66. How does this work with oral surgery when most of our patients are seen on an emergent basis and there is no time for a prior approval? Providers should follow the MMC plan´s rules regarding notification to the plan for emergency and urgently needed services.
67. What measures are planned by Medicaid and Managed Care to reduce the number of patient no-shows despite appointments made? You should work with the plans you contract with to assist in educating your patients on the importance of making and keeping appointments.
68. If the patient had Medicare and Medicaid but not MMC, can we see these patients after July 1? Yes. Dually eligible individuals remain ineligible for enrollment in MMC plans. You may continue to bill them FFS as you do now.
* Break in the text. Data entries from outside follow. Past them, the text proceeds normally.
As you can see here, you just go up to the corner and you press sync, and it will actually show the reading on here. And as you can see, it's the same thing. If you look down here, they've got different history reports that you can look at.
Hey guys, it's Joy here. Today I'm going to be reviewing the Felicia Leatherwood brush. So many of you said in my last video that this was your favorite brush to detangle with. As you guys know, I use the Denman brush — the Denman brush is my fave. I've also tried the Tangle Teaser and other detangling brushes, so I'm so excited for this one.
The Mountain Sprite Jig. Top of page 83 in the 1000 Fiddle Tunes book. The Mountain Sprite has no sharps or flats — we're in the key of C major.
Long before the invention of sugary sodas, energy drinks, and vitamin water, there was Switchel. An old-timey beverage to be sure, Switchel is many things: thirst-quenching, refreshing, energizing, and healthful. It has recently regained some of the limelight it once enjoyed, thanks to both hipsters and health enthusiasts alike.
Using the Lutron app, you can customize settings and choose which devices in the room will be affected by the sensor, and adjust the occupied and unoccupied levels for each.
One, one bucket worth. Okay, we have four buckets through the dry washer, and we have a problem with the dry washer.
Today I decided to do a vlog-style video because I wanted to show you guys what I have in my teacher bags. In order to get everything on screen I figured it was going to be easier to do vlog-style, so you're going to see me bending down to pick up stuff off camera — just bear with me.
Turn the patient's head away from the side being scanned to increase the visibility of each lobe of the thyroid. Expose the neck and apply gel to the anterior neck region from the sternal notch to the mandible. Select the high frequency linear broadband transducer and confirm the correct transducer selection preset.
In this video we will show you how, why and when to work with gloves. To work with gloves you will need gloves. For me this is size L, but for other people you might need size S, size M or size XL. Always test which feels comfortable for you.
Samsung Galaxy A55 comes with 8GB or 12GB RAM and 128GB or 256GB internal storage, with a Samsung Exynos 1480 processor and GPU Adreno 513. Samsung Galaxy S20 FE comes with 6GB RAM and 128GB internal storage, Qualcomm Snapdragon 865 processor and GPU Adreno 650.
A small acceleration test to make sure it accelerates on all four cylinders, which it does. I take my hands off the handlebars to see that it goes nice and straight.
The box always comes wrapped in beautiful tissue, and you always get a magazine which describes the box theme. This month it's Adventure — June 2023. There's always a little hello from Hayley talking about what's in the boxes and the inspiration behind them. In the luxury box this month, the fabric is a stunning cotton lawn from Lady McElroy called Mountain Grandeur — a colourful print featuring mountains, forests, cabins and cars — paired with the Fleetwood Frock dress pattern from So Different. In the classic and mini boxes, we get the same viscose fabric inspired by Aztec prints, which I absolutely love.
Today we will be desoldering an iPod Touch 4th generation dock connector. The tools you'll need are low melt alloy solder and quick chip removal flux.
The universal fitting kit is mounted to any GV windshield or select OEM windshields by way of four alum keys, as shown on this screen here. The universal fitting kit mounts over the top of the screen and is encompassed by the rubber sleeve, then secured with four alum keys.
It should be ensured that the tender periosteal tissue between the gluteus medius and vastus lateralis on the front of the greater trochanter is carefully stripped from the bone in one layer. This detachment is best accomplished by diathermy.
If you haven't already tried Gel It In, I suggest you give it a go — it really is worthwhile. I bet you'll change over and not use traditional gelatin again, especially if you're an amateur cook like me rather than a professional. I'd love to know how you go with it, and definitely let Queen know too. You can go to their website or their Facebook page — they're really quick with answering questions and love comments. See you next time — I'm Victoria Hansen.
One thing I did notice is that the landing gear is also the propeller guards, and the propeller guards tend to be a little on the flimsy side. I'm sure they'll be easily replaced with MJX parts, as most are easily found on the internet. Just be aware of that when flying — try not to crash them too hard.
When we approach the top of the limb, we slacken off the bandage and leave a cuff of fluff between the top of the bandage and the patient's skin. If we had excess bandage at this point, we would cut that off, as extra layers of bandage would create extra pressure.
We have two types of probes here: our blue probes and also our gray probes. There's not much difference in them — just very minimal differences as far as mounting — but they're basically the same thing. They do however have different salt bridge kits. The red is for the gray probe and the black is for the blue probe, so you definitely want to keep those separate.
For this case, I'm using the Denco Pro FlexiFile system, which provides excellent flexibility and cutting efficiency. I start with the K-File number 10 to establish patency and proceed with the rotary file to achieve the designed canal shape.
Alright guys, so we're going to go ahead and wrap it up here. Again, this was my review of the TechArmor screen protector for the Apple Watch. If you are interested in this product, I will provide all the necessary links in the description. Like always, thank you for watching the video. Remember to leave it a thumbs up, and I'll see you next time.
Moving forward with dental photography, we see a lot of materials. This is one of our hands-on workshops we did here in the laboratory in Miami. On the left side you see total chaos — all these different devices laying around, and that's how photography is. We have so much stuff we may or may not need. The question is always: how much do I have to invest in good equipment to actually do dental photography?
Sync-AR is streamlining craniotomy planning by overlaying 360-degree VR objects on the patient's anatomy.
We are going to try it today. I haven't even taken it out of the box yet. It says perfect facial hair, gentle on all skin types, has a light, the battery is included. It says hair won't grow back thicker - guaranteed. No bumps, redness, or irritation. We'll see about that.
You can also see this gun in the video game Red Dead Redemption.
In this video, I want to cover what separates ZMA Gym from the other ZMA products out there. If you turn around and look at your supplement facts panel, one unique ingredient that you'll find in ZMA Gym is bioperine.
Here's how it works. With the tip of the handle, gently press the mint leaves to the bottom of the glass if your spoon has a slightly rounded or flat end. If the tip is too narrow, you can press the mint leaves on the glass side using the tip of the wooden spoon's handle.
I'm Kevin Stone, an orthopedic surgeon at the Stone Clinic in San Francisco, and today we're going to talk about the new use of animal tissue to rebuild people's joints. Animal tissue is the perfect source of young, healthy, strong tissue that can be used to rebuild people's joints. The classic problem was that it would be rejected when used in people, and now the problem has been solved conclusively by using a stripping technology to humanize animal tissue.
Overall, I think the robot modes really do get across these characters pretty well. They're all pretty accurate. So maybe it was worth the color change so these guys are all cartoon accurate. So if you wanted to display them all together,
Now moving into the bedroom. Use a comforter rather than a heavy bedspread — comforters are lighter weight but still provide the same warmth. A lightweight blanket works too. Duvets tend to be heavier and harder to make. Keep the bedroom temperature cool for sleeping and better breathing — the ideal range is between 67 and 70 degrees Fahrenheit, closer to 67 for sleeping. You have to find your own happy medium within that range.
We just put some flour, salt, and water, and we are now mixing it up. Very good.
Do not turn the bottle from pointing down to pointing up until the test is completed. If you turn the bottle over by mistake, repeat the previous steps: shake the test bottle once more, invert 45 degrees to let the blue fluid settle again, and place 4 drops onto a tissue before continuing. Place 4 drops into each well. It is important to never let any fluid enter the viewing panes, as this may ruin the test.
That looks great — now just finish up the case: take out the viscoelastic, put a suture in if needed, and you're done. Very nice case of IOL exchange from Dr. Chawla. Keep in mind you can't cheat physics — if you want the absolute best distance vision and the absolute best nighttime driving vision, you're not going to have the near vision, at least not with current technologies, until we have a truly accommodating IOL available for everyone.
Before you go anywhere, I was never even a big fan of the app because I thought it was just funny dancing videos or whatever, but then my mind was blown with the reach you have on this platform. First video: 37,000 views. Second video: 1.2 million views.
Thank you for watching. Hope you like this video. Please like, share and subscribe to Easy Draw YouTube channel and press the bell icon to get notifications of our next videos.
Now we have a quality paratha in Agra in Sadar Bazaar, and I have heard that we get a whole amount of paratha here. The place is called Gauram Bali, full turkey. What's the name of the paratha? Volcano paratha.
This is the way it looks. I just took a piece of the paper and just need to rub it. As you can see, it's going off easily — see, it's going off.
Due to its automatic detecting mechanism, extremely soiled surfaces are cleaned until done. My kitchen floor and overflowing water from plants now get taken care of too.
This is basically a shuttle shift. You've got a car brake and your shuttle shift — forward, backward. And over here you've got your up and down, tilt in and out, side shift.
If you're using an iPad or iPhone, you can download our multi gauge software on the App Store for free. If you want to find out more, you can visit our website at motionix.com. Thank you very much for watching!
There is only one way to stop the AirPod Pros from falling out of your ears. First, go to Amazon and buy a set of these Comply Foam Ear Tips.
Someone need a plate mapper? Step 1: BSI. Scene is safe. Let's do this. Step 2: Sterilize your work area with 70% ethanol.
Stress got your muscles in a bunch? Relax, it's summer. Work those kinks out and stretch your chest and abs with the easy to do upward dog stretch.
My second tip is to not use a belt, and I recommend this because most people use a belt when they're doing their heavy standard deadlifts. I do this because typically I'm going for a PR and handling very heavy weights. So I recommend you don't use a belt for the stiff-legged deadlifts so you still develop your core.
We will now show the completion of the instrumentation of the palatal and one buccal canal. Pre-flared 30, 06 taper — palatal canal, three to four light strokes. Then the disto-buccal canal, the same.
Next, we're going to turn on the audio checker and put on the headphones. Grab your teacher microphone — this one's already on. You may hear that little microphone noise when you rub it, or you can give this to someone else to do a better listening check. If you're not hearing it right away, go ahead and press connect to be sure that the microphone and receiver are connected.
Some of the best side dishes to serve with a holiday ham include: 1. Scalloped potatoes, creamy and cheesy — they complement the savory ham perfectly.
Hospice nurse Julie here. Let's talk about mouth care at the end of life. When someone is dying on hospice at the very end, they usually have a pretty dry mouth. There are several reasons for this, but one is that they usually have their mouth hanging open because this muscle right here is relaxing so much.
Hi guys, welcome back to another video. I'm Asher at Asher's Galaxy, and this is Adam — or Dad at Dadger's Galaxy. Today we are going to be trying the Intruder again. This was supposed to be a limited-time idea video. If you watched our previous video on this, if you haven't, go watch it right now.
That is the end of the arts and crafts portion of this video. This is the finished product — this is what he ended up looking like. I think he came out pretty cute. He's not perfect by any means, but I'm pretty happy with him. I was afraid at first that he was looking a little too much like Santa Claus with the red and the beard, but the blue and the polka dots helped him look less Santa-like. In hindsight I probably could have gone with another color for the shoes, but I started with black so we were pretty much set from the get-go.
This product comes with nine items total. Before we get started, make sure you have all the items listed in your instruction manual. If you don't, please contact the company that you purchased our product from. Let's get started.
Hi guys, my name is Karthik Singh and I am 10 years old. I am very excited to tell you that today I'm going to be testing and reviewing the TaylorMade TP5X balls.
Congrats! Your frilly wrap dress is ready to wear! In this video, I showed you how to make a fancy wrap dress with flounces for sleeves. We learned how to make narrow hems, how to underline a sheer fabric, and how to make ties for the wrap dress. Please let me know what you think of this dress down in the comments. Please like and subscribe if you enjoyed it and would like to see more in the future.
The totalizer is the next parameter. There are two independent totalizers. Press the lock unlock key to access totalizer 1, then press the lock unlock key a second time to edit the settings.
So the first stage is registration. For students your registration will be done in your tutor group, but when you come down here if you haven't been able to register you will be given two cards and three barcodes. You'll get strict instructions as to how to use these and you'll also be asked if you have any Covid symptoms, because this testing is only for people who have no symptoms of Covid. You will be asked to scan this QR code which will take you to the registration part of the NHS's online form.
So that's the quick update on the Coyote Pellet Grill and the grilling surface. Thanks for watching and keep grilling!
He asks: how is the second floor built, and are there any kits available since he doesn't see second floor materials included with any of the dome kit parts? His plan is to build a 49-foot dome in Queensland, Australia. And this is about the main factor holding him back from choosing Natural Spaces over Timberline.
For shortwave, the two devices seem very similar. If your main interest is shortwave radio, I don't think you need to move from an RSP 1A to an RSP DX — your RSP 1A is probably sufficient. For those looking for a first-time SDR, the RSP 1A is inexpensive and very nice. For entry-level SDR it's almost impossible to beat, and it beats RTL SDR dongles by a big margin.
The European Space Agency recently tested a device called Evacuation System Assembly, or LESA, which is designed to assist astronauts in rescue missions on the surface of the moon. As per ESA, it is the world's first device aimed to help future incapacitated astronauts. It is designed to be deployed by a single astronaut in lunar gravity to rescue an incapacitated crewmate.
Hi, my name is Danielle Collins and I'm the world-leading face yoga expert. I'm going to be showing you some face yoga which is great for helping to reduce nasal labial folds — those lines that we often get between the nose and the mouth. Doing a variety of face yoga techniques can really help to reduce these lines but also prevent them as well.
69. Will the managed care organizations be required to function on a capitation basis only? Reimbursement may be on a capitated basis, a fee-for-service basis, or a combination of the two. The reimbursement methodology and amounts will be negotiated between the plan and the provider as part of the provider contract.
70. Is limited extended coverage available while client has guarantee only coverage? The limited extended coverage is for clients who have lost ALL eligibility for Medicaid. While in guarantee status, the client is still eligible for plan services, so you will be billing the managed care plan during the guarantee. In order for limited extended coverage to apply, the orthodontic treatment must have begun prior to the guarantee status.
71. If our agency decides not participate with the Medicaid managed care companies, what is our recommendation regarding communication to the patients and their options? If you do not participate with a member´s managed care plan, you should refer the patient to his or her health plan for information on participating providers that the member may switch to.
72. Will this apply to the Southern Tier No, this will not apply to enrollees of these two
Pediatric and Southern Tier Priority Care plans in Chemung county? plans. Please note that these plans are being phased out effective 8/31/12.
73. If we apply to get into a managed care plan, how long does it typically take to get approved? A MCO is required to complete the review of a health care professional´s application to participate in a network within 90 days of receipt of a completed application. At that time the provider is to be notified whether he or she is credentialed or whether additional time is necessary because a third party failed to provide the necessary documentation or there were non- routine or unusual circumstances for additional time.